14- j Because a payment to appellee beyond what may be justly due would not concern the bankrupt or the other creditors, it is argued that the trustee had no lawful standing to object. But a purchaser at a judicial sale becomes a party to the proceedings, and brings himself *882within the court’s jurisdiction in the cause for the enforcement, not only of the terms of sale against him, but also of terms in his favor against the officer who has made the sale. Inasmuch as the allowance of claims then or thereafter filed was a judicial act to be had in the bankruptcy proceedings, the bargain necessarily included the keeping open of the estate during the year and the proper action of the trustee on Conant’s behalf respecting the judicial allowance of claims. This is explicitly shown by the last sentence in paragraph 4, which provides for an', accounting at the end of the year when all claims shall have been adjusted. In paragraph 6 Conant’s general undertaking to pay all costs and expenses, is not destroyed, in our opinion, by the specific inclusion of the trustee’s fees and expenses “as this day adjusted and agreed upon between'us” and of additional expenses incurred (as, for example, in keeping the plant running) down to the conveyance of the property to Conant. Nothing in the contract therefore ended the administration of the estate at the time of the sale; but, on the contrary, a due execution thereof required that the administration be continued throughout the year.

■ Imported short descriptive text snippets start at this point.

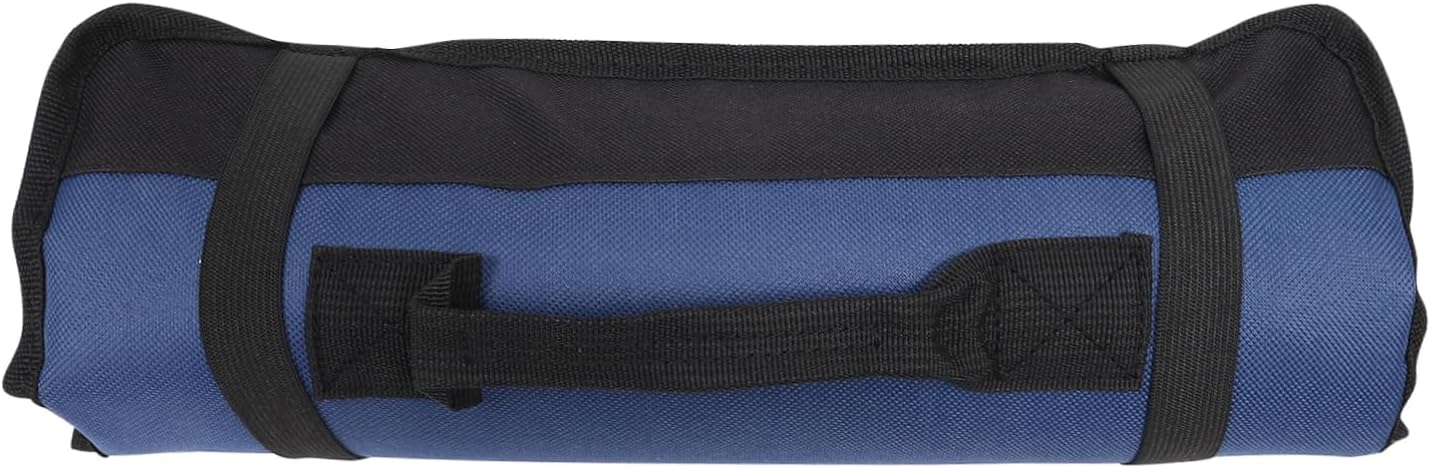 Mikinona 22 Slots Chef Knife Storage Pouch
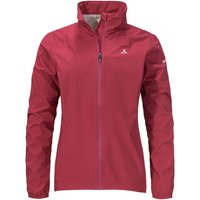 Schöffel Damen Style Lurbek Jacke Schöffel Damen Style Lurbek Jacke von Schöffel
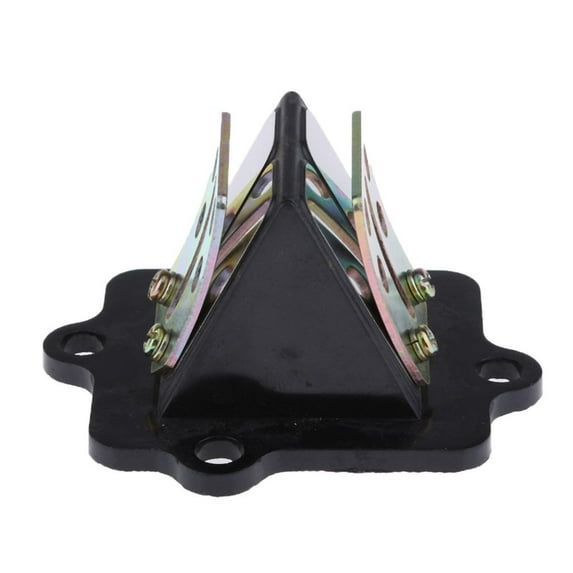 Reed Block With Petals For Jog50 Jog90 Moped Scooter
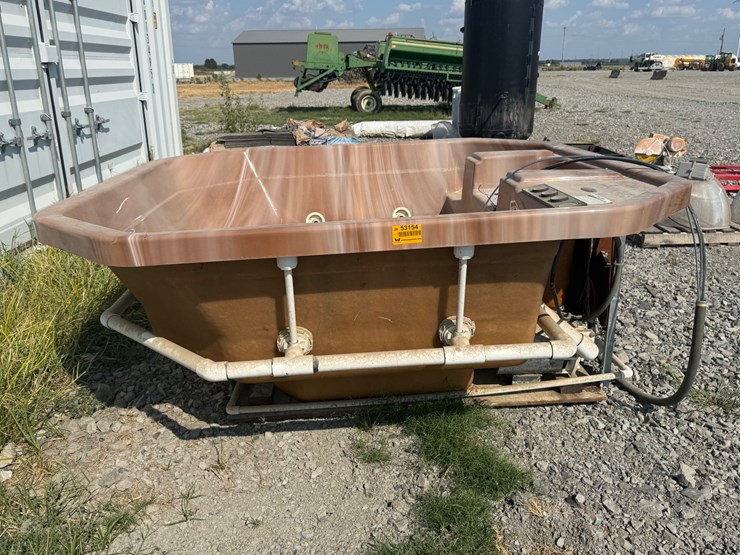 #53154-•-jacuzzi-whirlpool-bath-297607-inv#53154-image-2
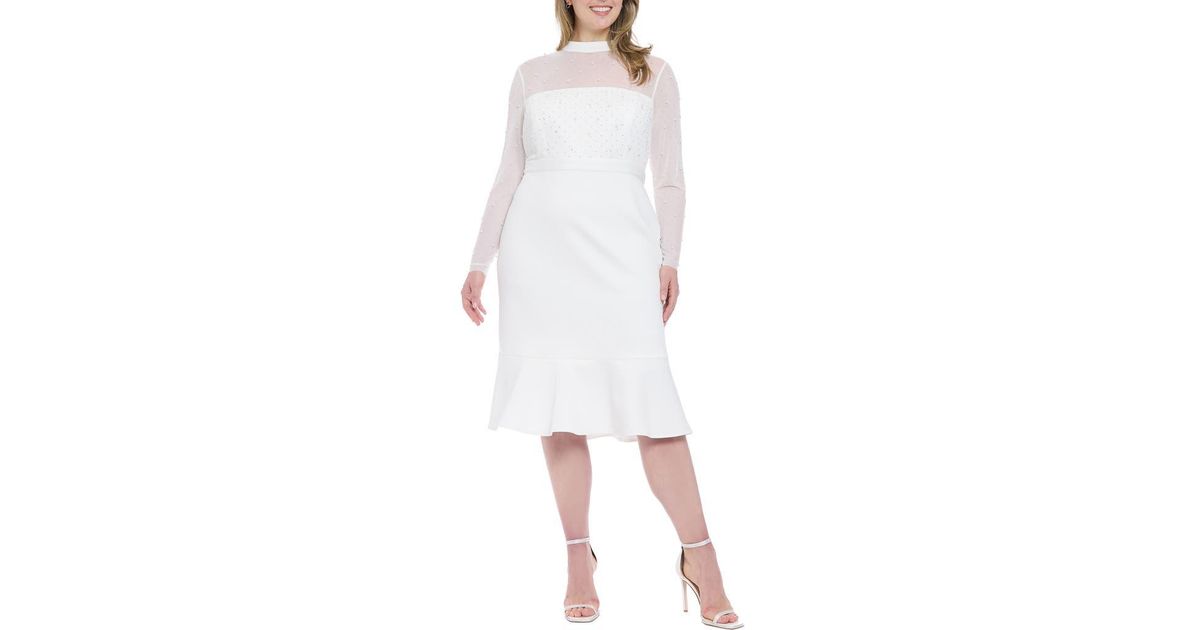 green emerald velvet dress London Times Women's Dresses Square Neck Smocked Back Linen Blend  Flattering Versatile Spring Summer Garden Party Dress, Ivory/Bright  Fuschia, 4 at Amazon Women's Clothing store main image 0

As appellee’s demand for payment without judicial investigation of his claim is based on the assumed validity of Conant’s offer and the creditors’ and the court’s acceptance, by the present decision neither an approval nor a disapproval of this method of disposing of a bankrupt’s assets is intended.

The order of the District Court is reversed, with the direction to restore the trustee’s objections, and to proceed further not inconsistently with this opinion.